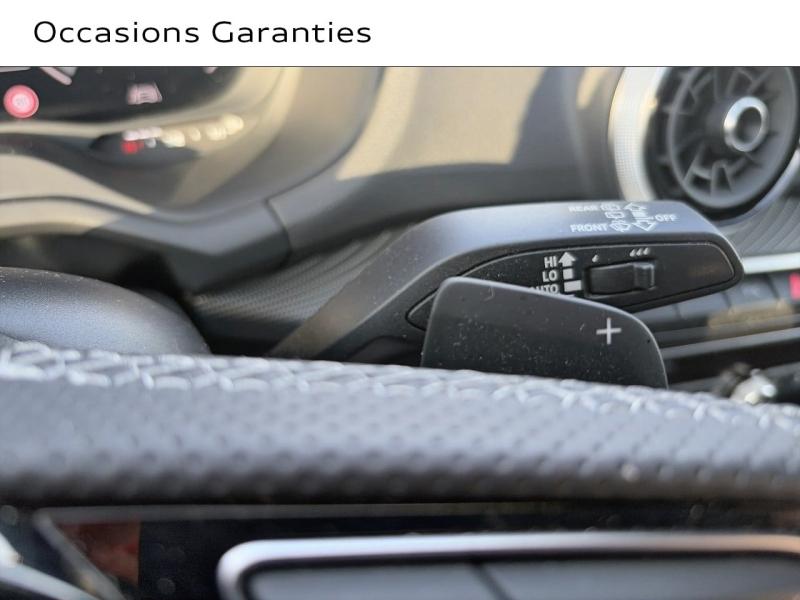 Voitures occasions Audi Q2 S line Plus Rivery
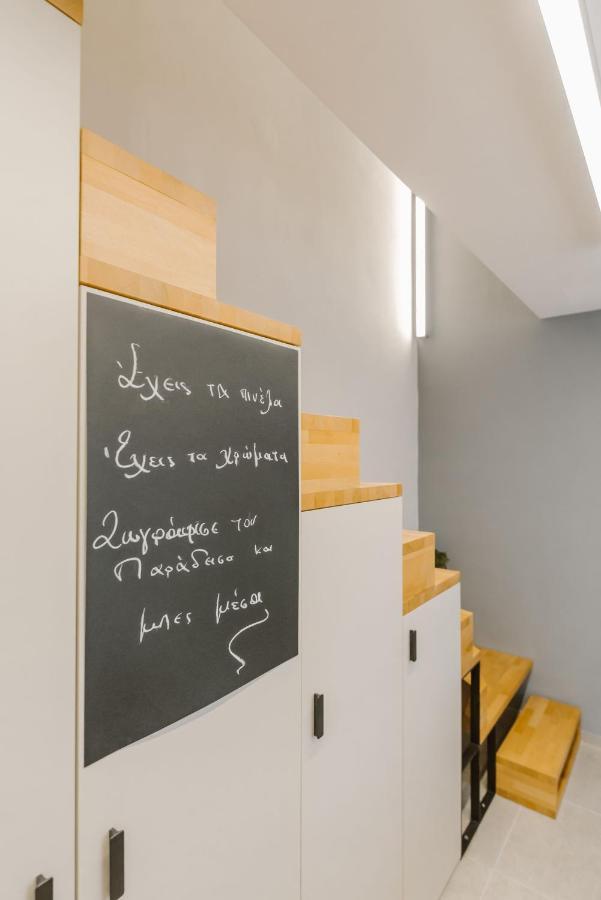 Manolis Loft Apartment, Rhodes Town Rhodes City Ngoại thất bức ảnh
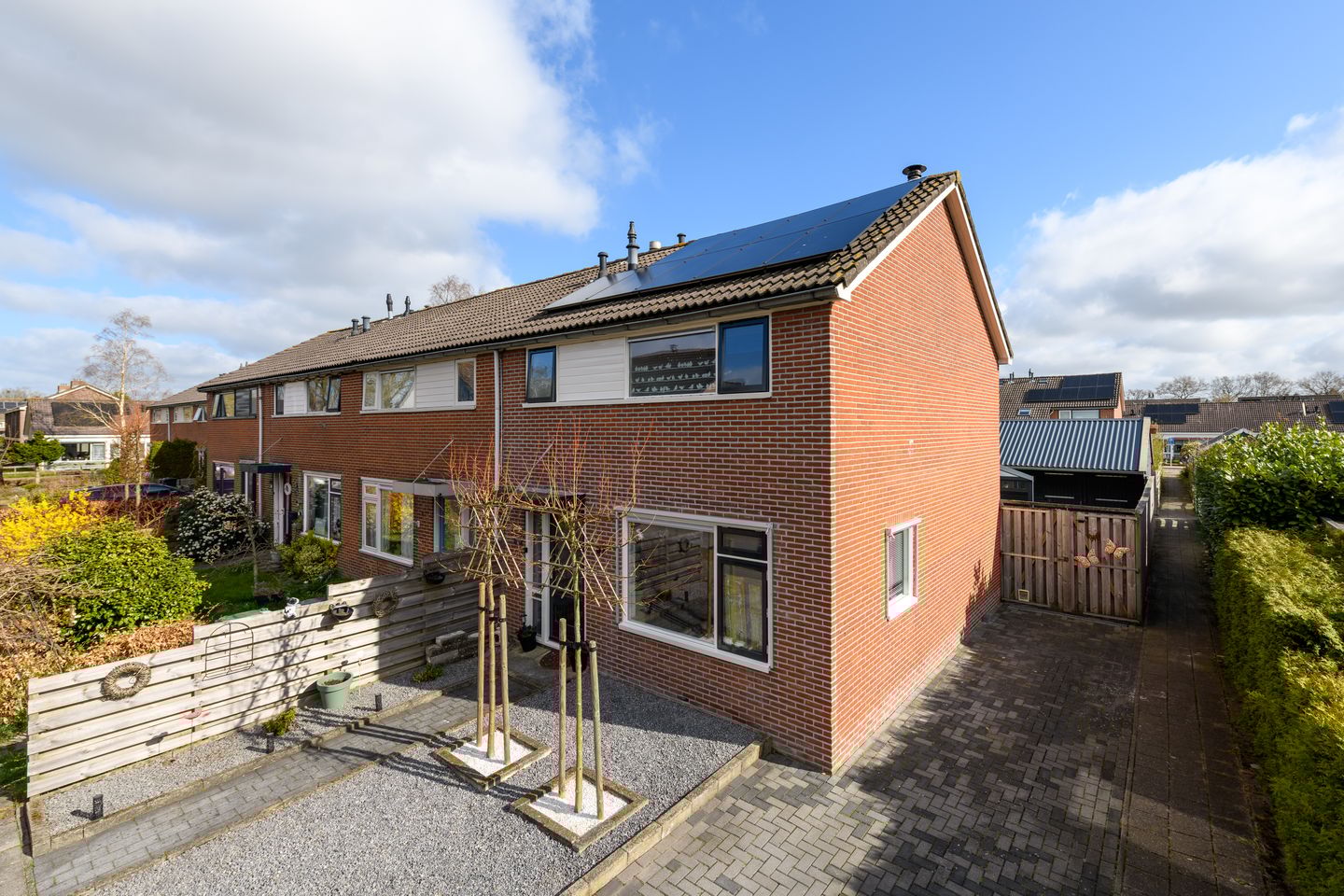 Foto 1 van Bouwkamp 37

◆ ◆ ◆ ◆

- _WORK ORDER_
From the material above, reproduce everything verbatim except the pictures.

- _COMPLETED EXERCISE_
 Voitures occasions Audi Q2 S line Plus Rivery
 Manolis Loft Apartment, Rhodes Town Rhodes City Ngoại thất bức ảnh
 Foto 1 van Bouwkamp 37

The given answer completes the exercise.